Community care is central to Black maternal health

What the movement keeps returning to, especially in moments of policy failure, is a practice that predates modern medicine entirely. Long before medicalization of birth, Black midwives were the primary source of birth care in this country. According to the National Partnership for Women & Families, granny midwives cared for enslaved women during labor and delivery, coached mothers through breathing and positioning, maintained ancestry records when families were separated by sale, and supported their communities with knowledge rooted in African traditions of healing. After emancipation, they continued to serve Black and white communities across the South, often the only care available for families barred from segregated hospitals.
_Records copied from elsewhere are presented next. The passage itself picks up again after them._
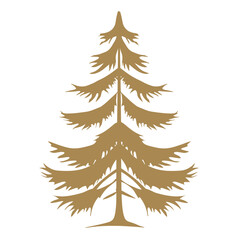Obraz premium Aesthetic pine tree logo silhouette gold illustration vector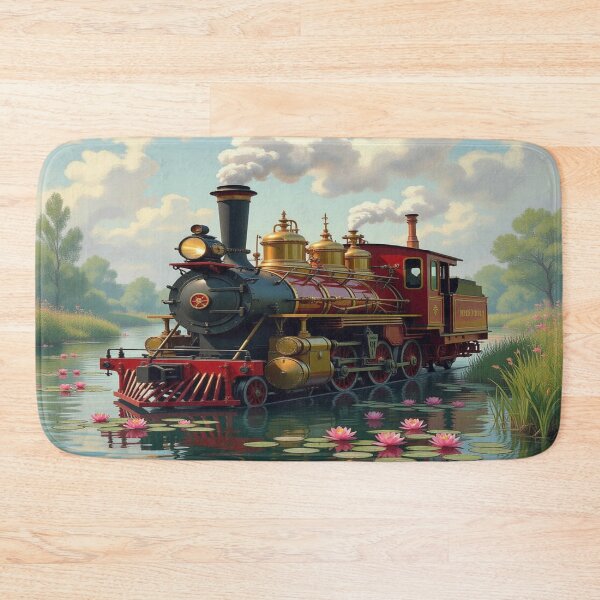 Item preview, SteamDreams in MonetMood – Vintage Train meets Waterlily Fantasy & NatureGlow designed and sold by FotoworldEdel.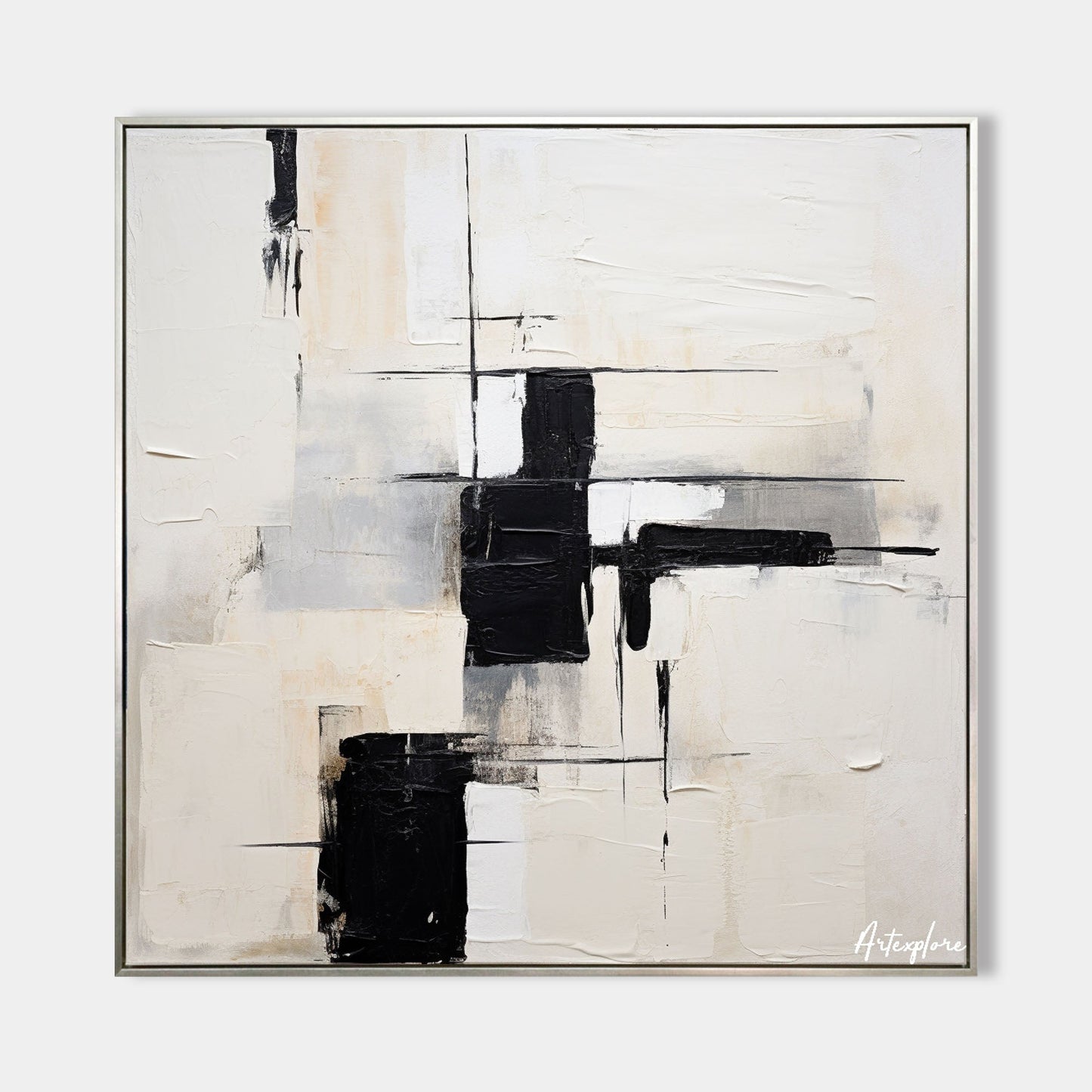 Contemporary Black and White Abstract Oil Painting for Modern Home Decor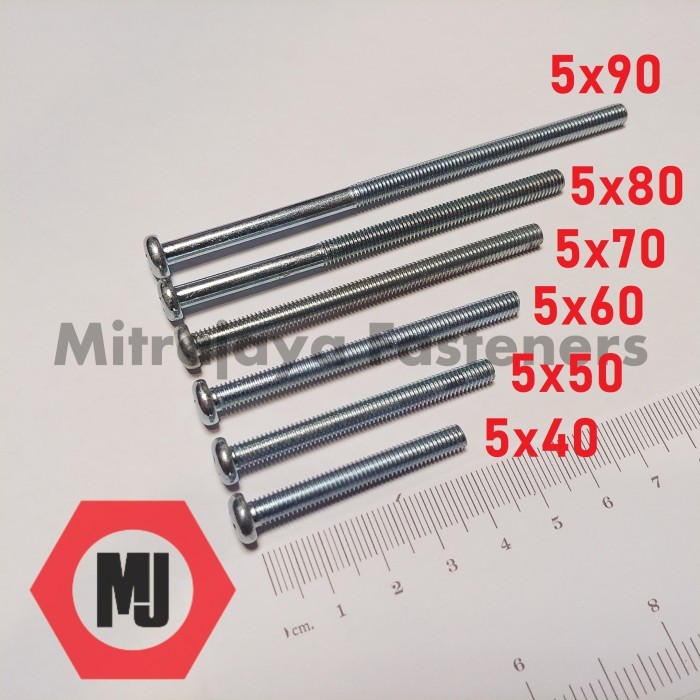 Baut JP M5x70 Obeng +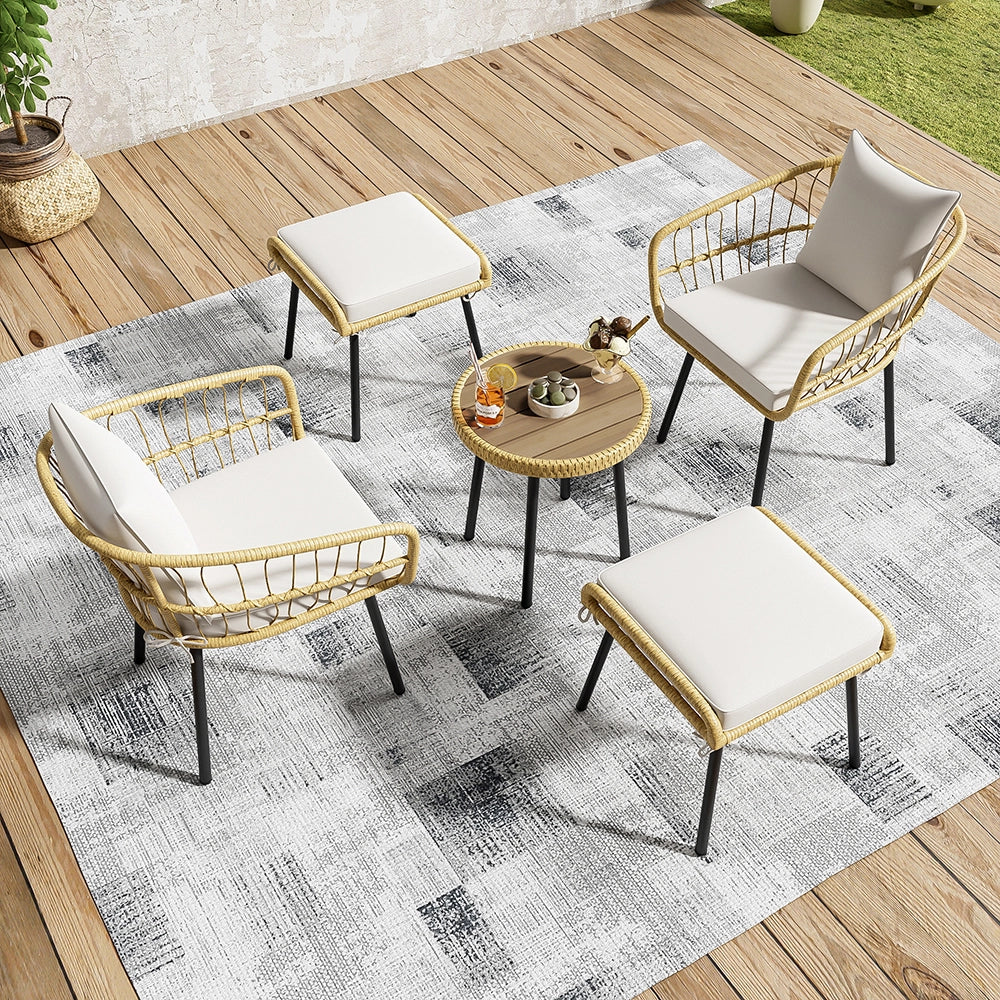 Set da giardino 5 pezzi - Xylo - Tavolo+2 sedie+2 sgabelli in rattan naturale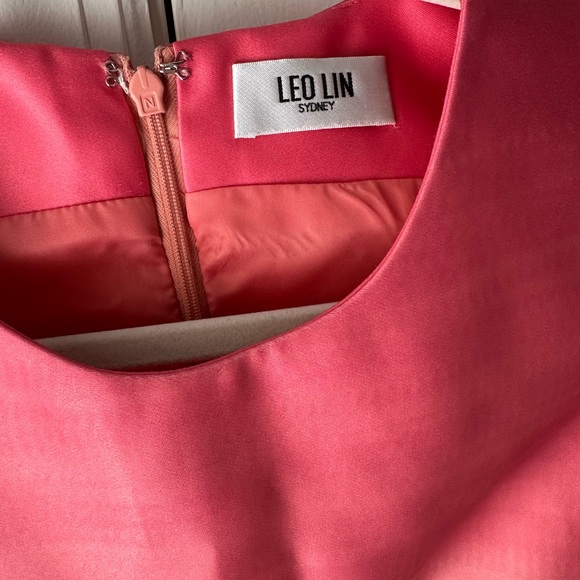 Leo Lin Dress Cleo Ombré Pink Coral Sleeveless A-Line Cocktail Midi Dress Size 8 - Picture 4 of 6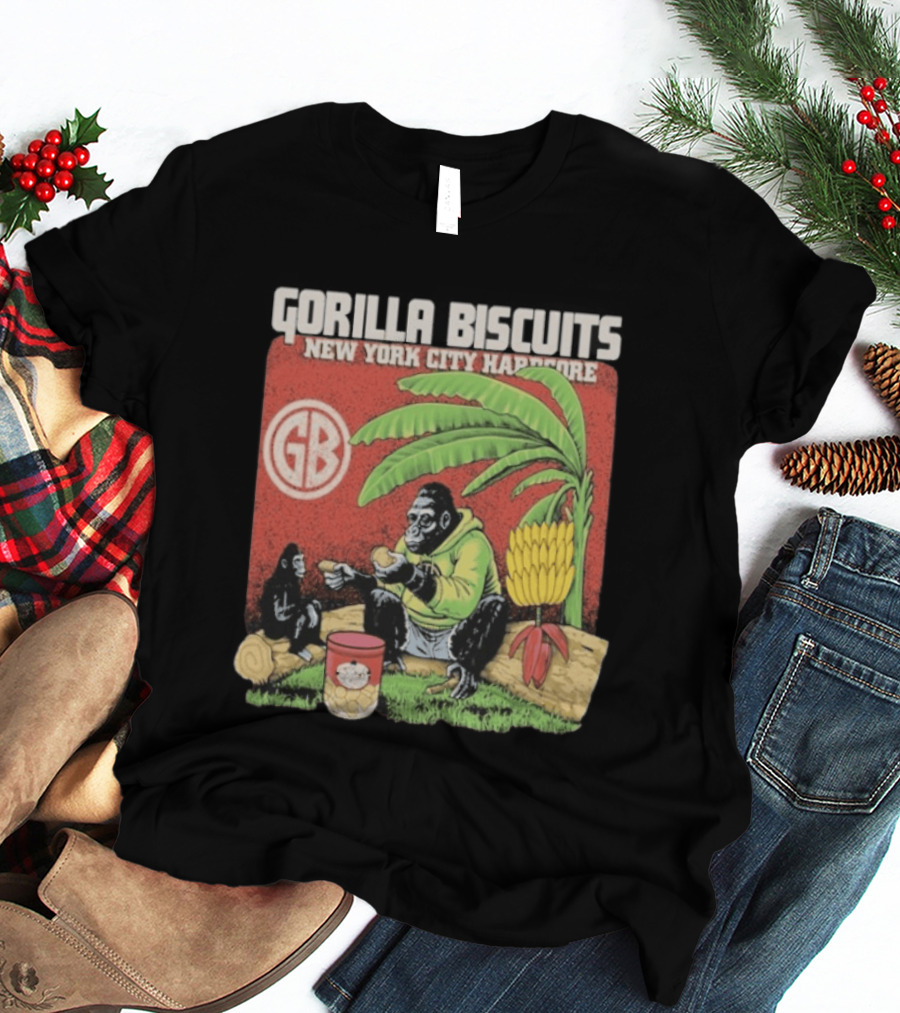 Gorilla Biscuits New York City Hardcore GB Logo Banana Tree Scene T-Shirt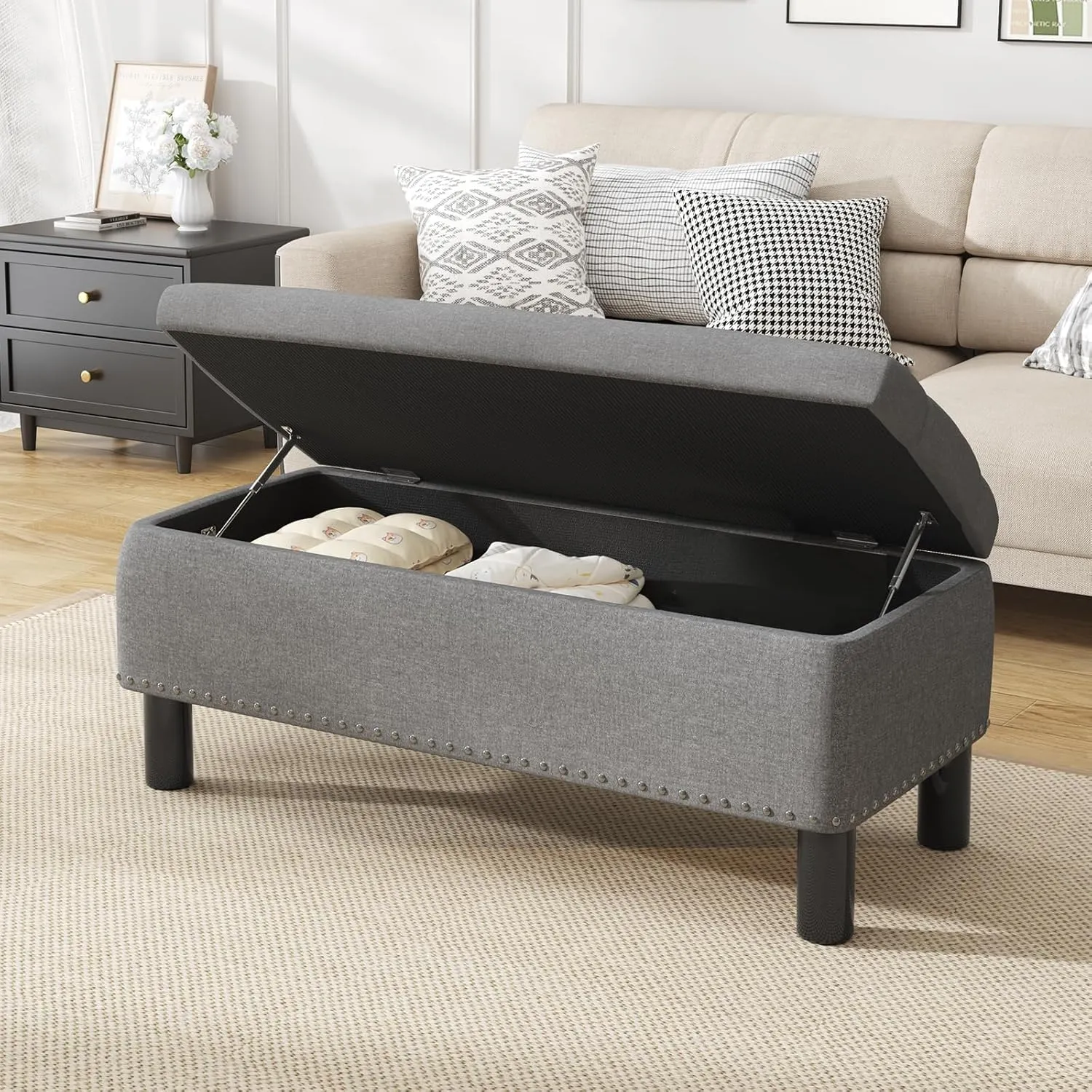 Furniliving Ottoman Bench with Storage, Folding Storage Ottoman Bench with Wood Legs, Upholstered Bedroom Bench with Button-Tufted, Entryway Bench Storage Bench for Bedroom, Linen (Darkgrey)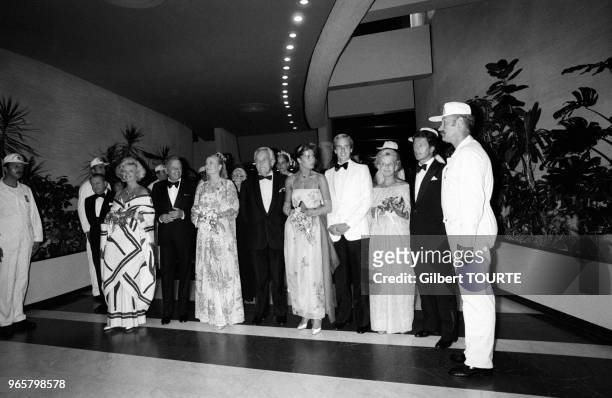 Family of Monaco arriving with guest Frank Sinatra at the Red Cross ball.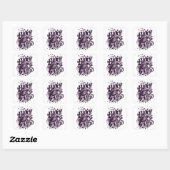 Sticker Carré Main noire - Collage violet (Feuille)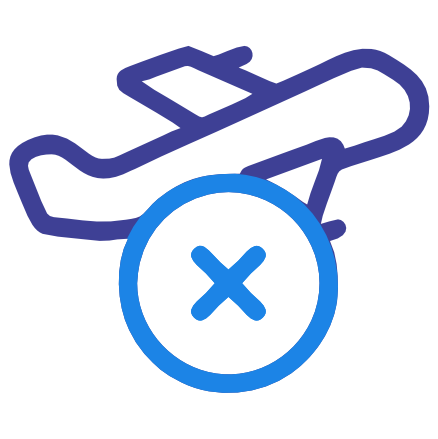 Blue outline icon of an airplane with a prominent "X" mark over it, indicating a canceled flight or prohibition of air travel.
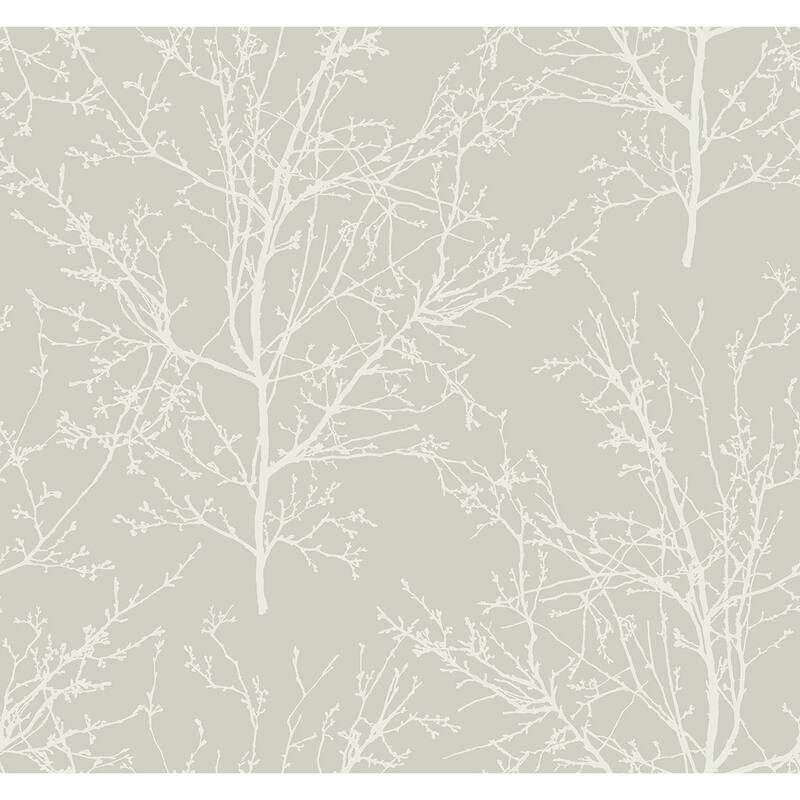 Seabrook Designs Piety Winter Branches Unpasted Wallpaper - 27 in. W x 27 ft. L - Smoke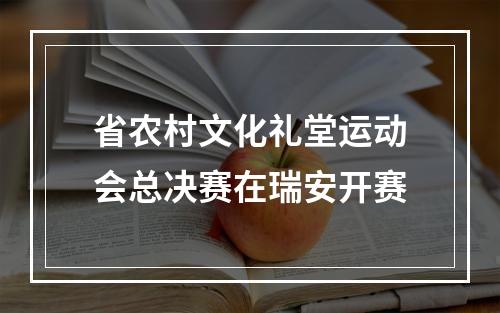 省农村文化礼堂运动会总决赛在瑞安开赛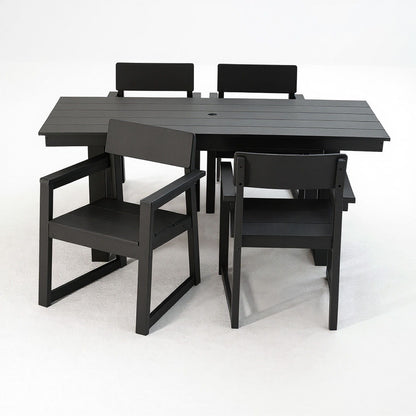 5 Piece Outdoor Dining Set For 4, Patio Table With Umbrella Hole And 4 Armrest Chairs For Backyard - Black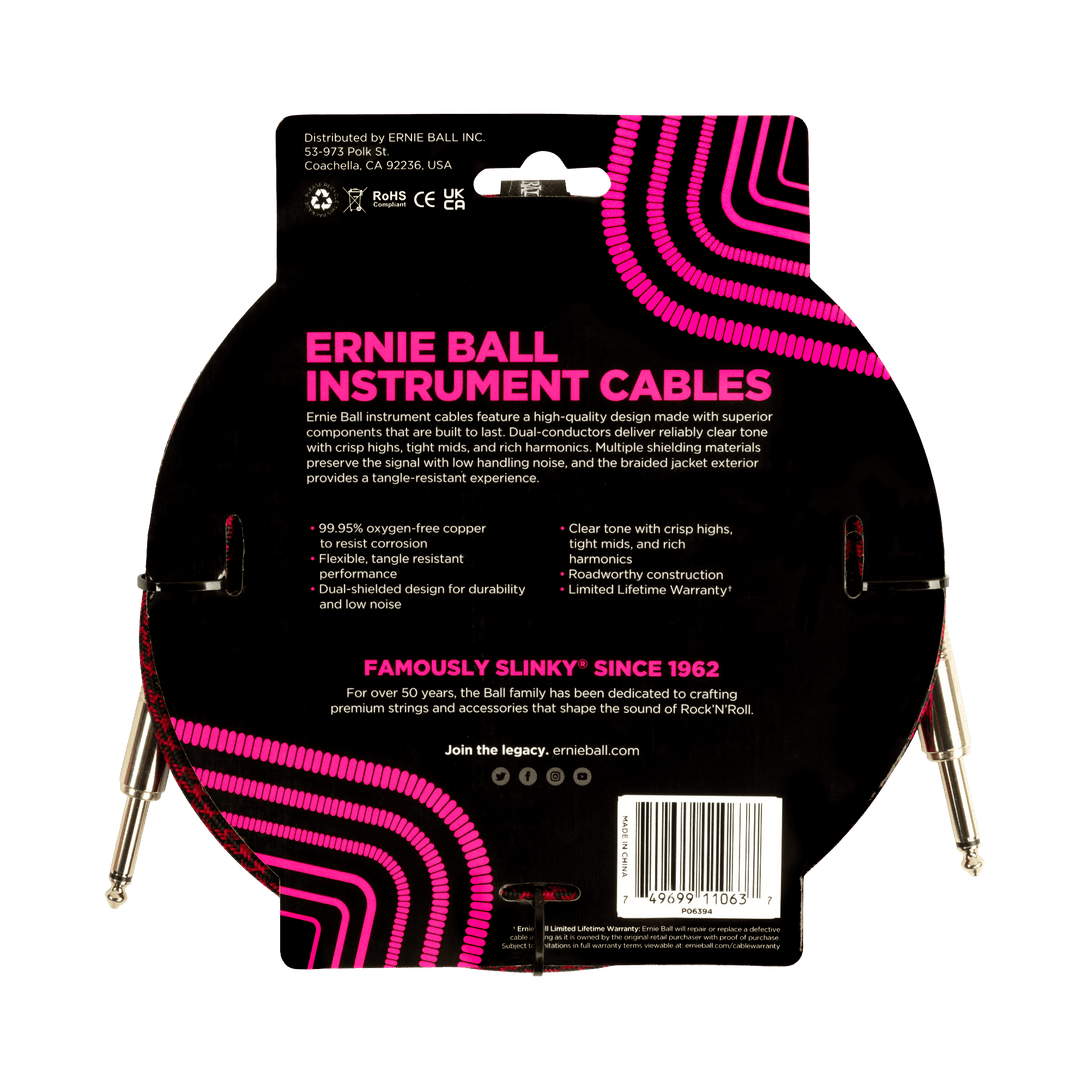 Cable Ernie Ball 10Ft P06394 Rojo/Negro - The Music Site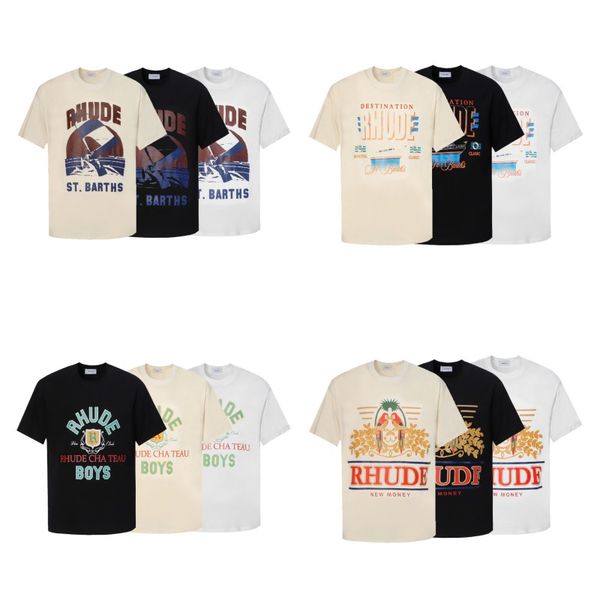 

23ss rhude mens t shirt tess designer casual fashion short sleeve europe america men women round neck tshirts us size s-xxl, White;black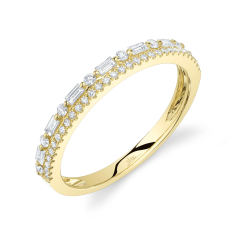 Shy Creation 1/3ctw Baguette and Round Diamond 14k Yellow Gold Ring 1
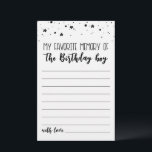 Papier Mon souvenir favori du jeu de fête des garçons d'a<br><div class="desc">Achetez ce jeu et profitez de la haute qualité Mon souvenir favori de l'Anniversaire garçon Jeu pour votre événement! Design noir et blanc.</div>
That living tradition is what organizations like Jamaa Birth Village and the Missouri Community Doula Council are working to sustain in Missouri today, organizing community-rooted care and advocating for Black birth workers. Research consistently shows that doulas increase the likelihood of spontaneous vaginal birth, reduce cesarean rates, and improve patient satisfaction. Community-based doulas, those who share race, ethnicity, or culture with the people they serve, have shown particular promise in reducing the kind of provider bias that Perkins described. Sharia Monroe, founder of the International Center for Traditional Childbearing and a leading figure in the U.S. Black midwives movement has spent decades making that case and has the policy to back it up. Monroe led Oregon to become the first state to offer Medicaid reimbursement for doulas, a model that Missouri lawmakers, Including Rep. LaKeySha Bosley and Sen. Barbara Washington, are actively working to replicate through pending legislation. 

“Black communities have done what we have always done; we have turned to one another,” said Jamarah Amani, a midwife and executive director of the Southern Birth Justice Network. “We’ve turned to community practices. That’s why you see this emphasis on doulas and midwives, because we know the historical practices and how we have taken care of each other when this country has failed us.”

That work is playing out in Missouri too. Carmen Southall-Wamhoff, a Kansas City-area doula, midwife in training, and member of the Missouri MOMNIBUS Steering Committee, has spent years navigating hospital systems on behalf of her clients, pushing back against the inertia and bias that put Black mothers at risk. “It shouldn’t be as hard as it is,” she told Generate Health STL. “It can feel like two steps forward and one step back.” She keeps going anyway. Organizations like Altruism, Inc. are doing the same. Through its Maternal and Infant Health (MaIH) Center, with locations in Lexington and Kansas City, Altruism pairs pregnant people with doulas at no cost to those on Medicaid or without insurance, wrapping birth support around mental health care, nutrition, and practical needs like diapers and clothing. 

Events planned for Black Maternal Health Week 2026 reflect that same determination. In Richmond, Virginia, the advocacy group Birth in Color is hosting a State of the Union on Black Maternal Health, grading state and federal administrations on their records and pushing for policy change. The Shades of Motherhood Network is also leading locally rooted programming including art, storytelling, policy dialogues, and wellness gatherings, designed to offer something other than a catalog of grief.

The theme “Rooted in Justice and Joy” is not a pivot away from the urgency. It is an argument that joy is part of the work. The United States spends more on health care than any other wealthy nation and still loses Black mothers at rates that have barely budged in years. The work of Black Maternal Health Week is an attempt to change that, one policy, one birth worker, one supported mother at a time. The question in 2026 is whether that work can hold its ground.